Abandoning the regulations requiring the closing of old coal plants and
prohibiting the construction of new ones might slow the descent of the coal
market in the near term. But mechanization and competition from cheap natural
gas and renewable energy—the wind and solar power increasingly mandated by
states, embraced by new industry, and favored by the public—mitigate against a
resurgence of demand for coal. Doesn’t this vaunted businessman know anything
about economic markets?
In a Los Angeles Times political cartoon, a miner at the front of a line
of coworkers in hardhats asks Scott Pruitt, the global-warming denier who heads
the Environmental Protection Administration, how “gutting the EPA and going
backwards on climate change [will] bring back our coal jobs.”
“Oh, gosh, fellas,” Pruitt replies,
with a couple of cigar-chomping fat cats behind him, “your jobs are never
coming back, but the president thanks you for your gullibility.”

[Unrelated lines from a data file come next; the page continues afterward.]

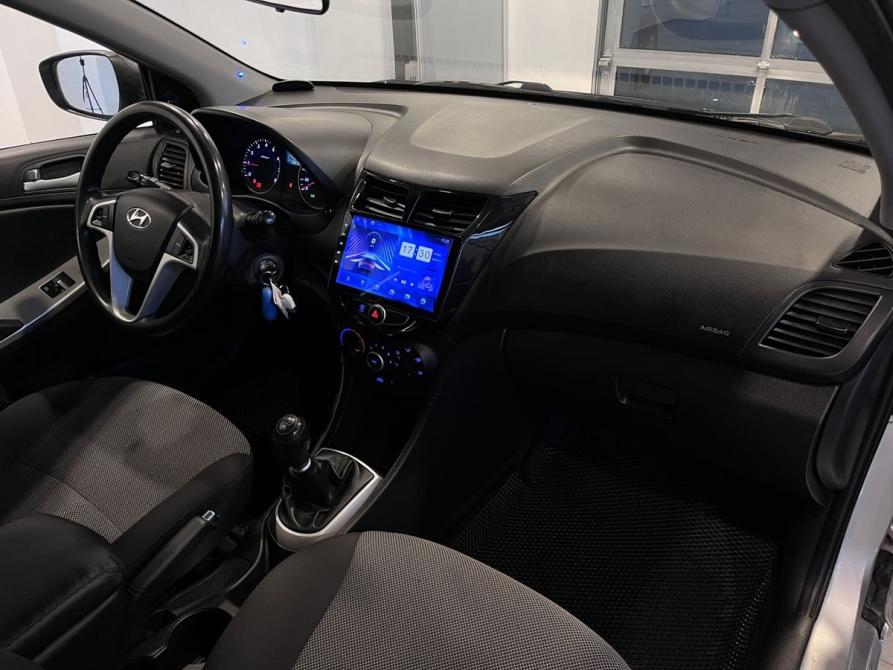 Hyundai Solaris I Чебоксары  - изображение 12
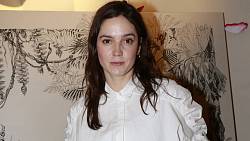 Tato herečka vypadá stejně dobře s krátkými i s dlouhými vlasy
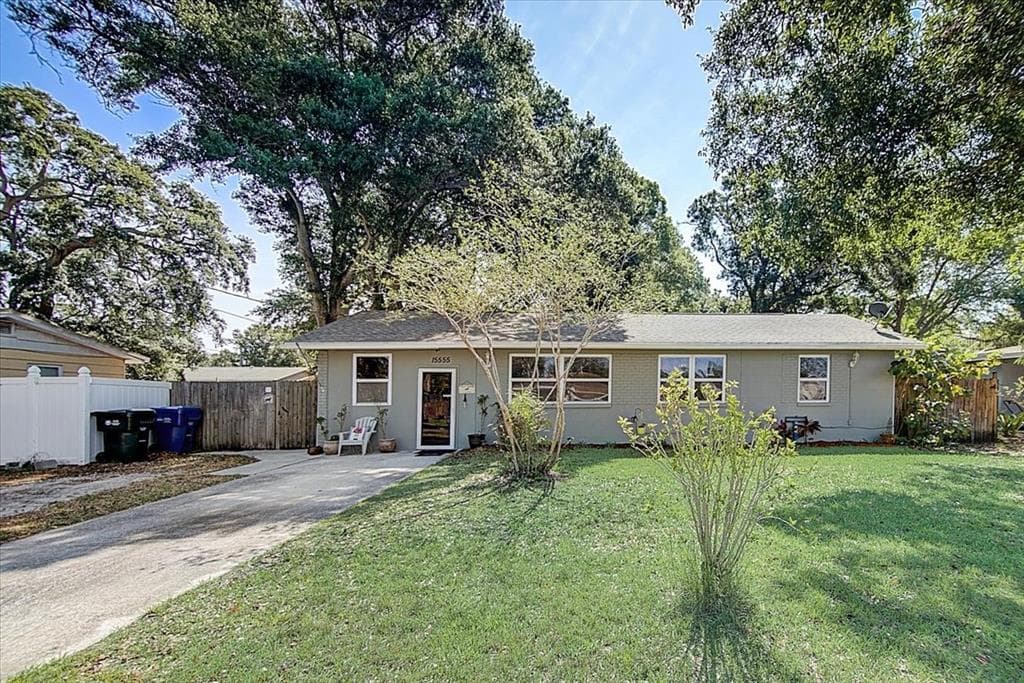 15555 DARIEN WAY CLEARWATER, FL 33764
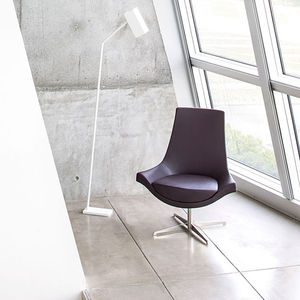 chaise contemporaine / tapissée / pivotante / piètement étoile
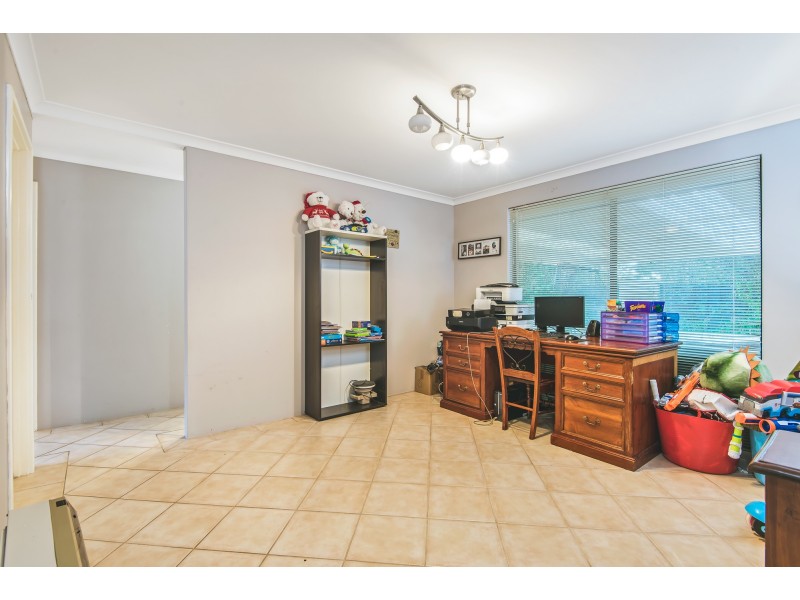 38 Valinco Ave, Ellenbrook WA 6069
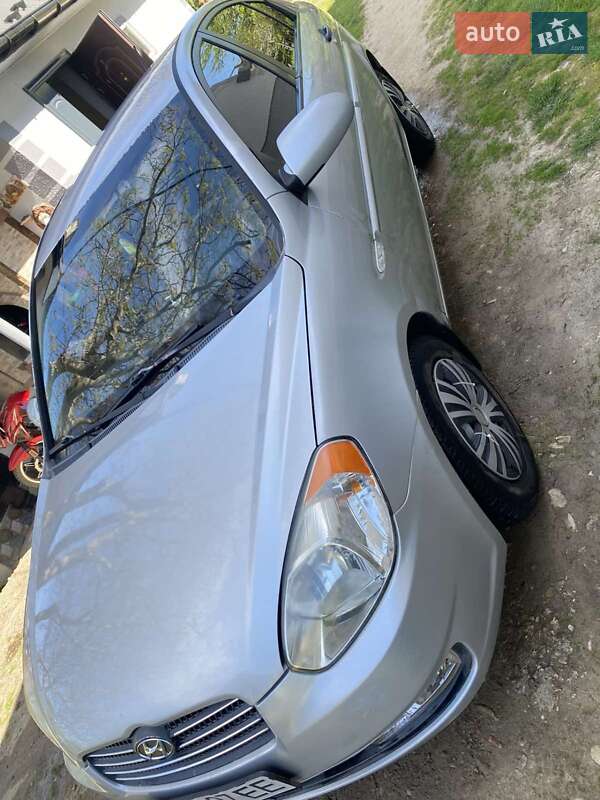 Седан Hyundai Accent 2006 в Дрогобыче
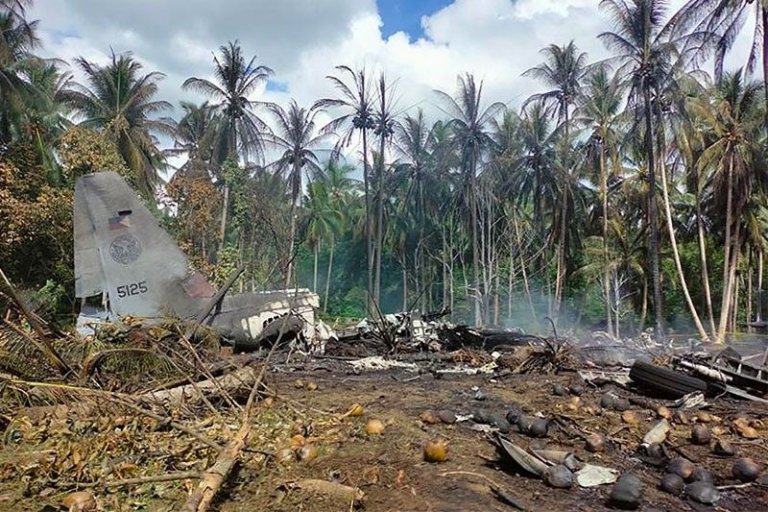 Defense chief orders full probe on Sulu military plane crash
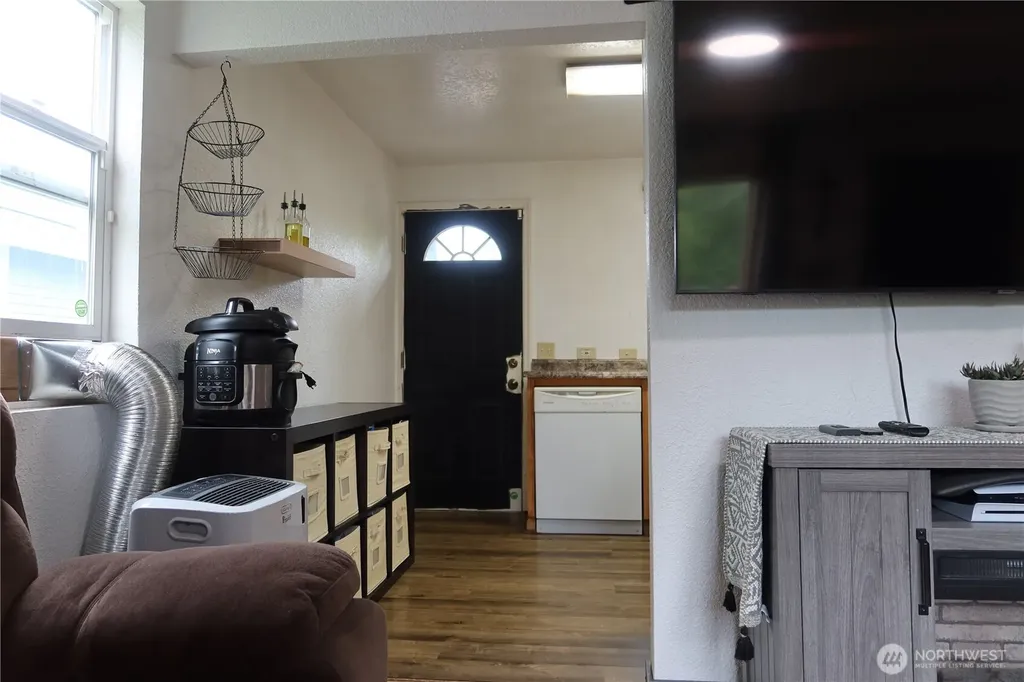 1405 Flower Avenue Port Orchard WA 98366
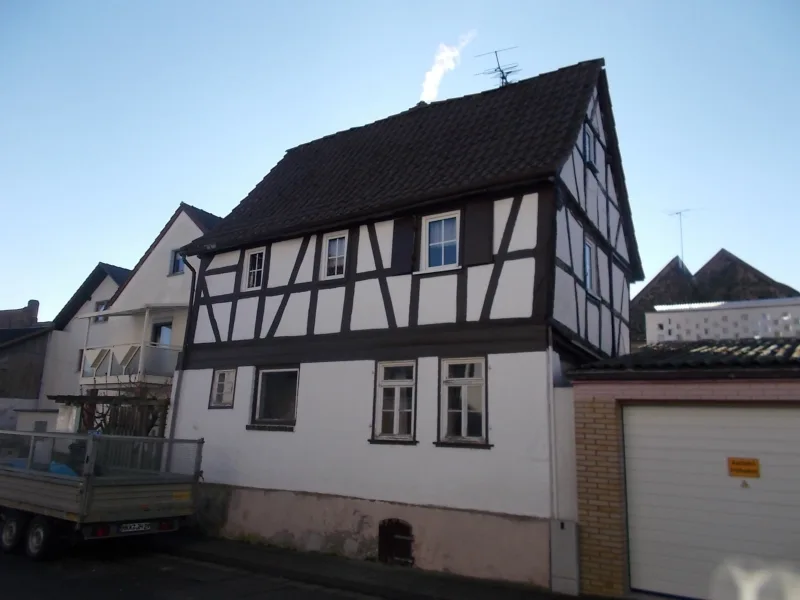 Anicht - Haus kaufen in Hammersbach - Klein, fein - vielleicht bald - mein! Fachwerkhaus in Hammersbach-Marköbel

Hillary Clinton was savaged for her
comment a year ago about the dim future of coal. The most circulated quote was:
“We’re going to put a lot of coal miners and coal companies out of business.”
But the line was taken out of the context of a compassionate and honest
discussion of a shifting economy in which blue-collar workers would need help
to adjust.
“We’re going to make it clear that
we don’t want to forget those people,” she said. “Those people labored in those
mines for generations, losing their health, often losing their lives to turn on
our lights and power our factories. Now we’ve got to move away from coal and
all the other fossil fuels, but I don’t want to move away from the people who
did the best they could to produce the energy that we relied on.” It won’t be a
surprise to learn that Fox News didn’t report those words.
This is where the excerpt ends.